Excess Success – Research Practices in Psychology
A new paper adds to the continuing discussion of research practices in psychology. The paper (citation below), in press at Psychonomic Bulletin and Review by Gregory Francis, analyzes the last several years of published papers in Psychological Science, a premier outlet in psychology, and in essence asks if there is “too much success” in the reported studies.
The analysis uses the “test for excess significance” (TES) (Ioannidis & Trikalinos, 2007). The intuition is that if you run a number of experiments – N – measuring an effect of a certain size, then it is possible to compute how likely getting N rejections of the null is for all N experiments. So, if the odds of getting an effect are, say, one in three, given the power to find the effect, then the chances of getting two such effects is the product of this probability, or one in nine. If one finds more successful rejections of the null than one would expect, given the power to reject the null, this suggests that something is amiss. From the analysis alone one can’t say where the excess success comes from, only that there is a bias in favor of positive results. According to Francis, the cutoff for the value of the TES is 0.1. As he puts it: “A power probability below this criterion suggests that the experiment set should be considered biased, and the results and conclusions are treated with skepticism.”
He ran the TES on published papers in Psychological Science between the years 2009 and 2012 (inclusive) that reported four studies or more – the minimum number for the TES analysis – and found that 82% of the 44 paper that met the inclusion criteria had values less than the cutoff value, suggesting a substantial degree of “excess success” in the journal.
I’m confident that the paper will stimulate a great deal of discussion. My interest for the remainder of this post is in a possible pattern in the TES data. When I first read the paper, my eye was caught (slightly ironically) by the short title of one of the papers investigated, The Wolfpack Effect, by my friend Brian Scholl and colleagues, which I wrote a little post about around the time it came out. This paper was one of the eight that surpassed the .1 threshold.
I looked a bit more closely into some of the others that similarly had TES values above .1. The largest TES value, .426, was also in the area of perception, looking at how people can quickly assign stimuli to categories (e.g., “animal”). The next largest TES value, .348, was another perceptual study, having to do with the way that objects are represented in the visual system. Two other papers had to do with, first, another effect in vision – how the color of light affects visual processing of fear-inducing stimuli – and, second, an effect in audition.
So five of the eight successes, as indexed by TES, are from the field of perception. The other three were not, having to do with predictors of subjective well-being, reducing prejudice, and appreciation of others’ help. One paper in the area of perception – about visual rivalry – didn’t fare as well. Neither did a paper looking at the possibility that people see objects they want as being closer to them.

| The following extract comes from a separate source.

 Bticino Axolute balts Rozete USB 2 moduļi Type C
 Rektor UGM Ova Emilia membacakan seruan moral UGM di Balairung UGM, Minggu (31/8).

So perception didn’t run the table, but, still, without looking very closely at all the papers in question, it seemed to me that the low-to-medium level perception work distinguished itself in the analyses. (I might add that another paper I posted about, didn’t do as well as the Scholl work.) The balance of the papers covered a fairly wide range of topics. To take just two to illustrate, one paper (TES = .041) presented six studies that purported to show that “[h]andling money (compared with handling paper) reduced distress over social exclusion and diminished the physical pain of immersion in hot water.” A second paper (TES = .036) purported to show that when “religious themes were made implicitly salient, people exercised greater self-control, which, in turn, augmented their ability to make decisions in a number of behavioral domains that are theoretically relevant to both major religions and humans’ evolutionary success.”

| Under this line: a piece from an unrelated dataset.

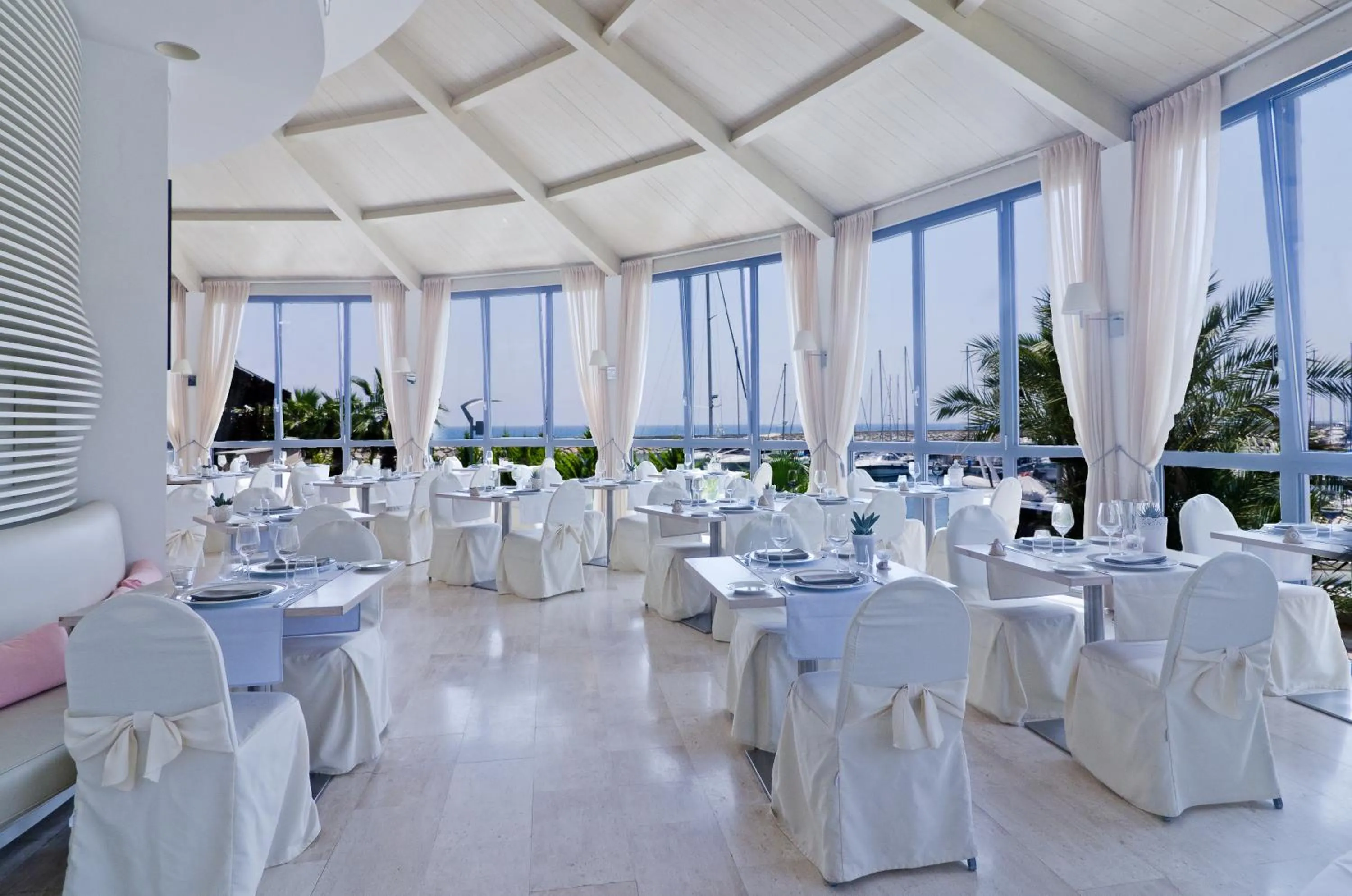 Restaurant/places to eat in Hotel Riviera dei Fiori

In any case, from the results that Francis reports, I don’t think any strong inferences can be drawn. To my eye, it looks like perceptual work does better than the other areas, but more systematic work will need to be done.
It seems to me that it’s worth knowing if some subfields score better in this respect because it speaks to the explanation for the problems. As Francis puts it: “Unless there is a flaw in the TES analysis…there are two broad explanations for how there could be such a high rate of apparent bias among the articles in Psychological Science: malfeasance or ignorance.” It doesn’t seem to me that there’s any reason to think that people in perception are any more ethical than people in other areas. If that’s true – though of course it might not be – then the place to look for the source of the problem is not in malfeasance.
Are there other candidate explanations? Could there be fewer opportunities for researcher degrees of freedom in perception? Could it have to do with the nature of theories in perception, compared to other areas?
I’m not really sure. But it could be that finding patterns in different areas of psychology might be useful for determining the sorts of best practices that will ameliorate these sorts of issues. My guess is that this paper will stimulate many profitable conversations.
Francis, G. (in press). The frequency of excess success for articles in Psychological Science. Psychonomic Bulletin and Review.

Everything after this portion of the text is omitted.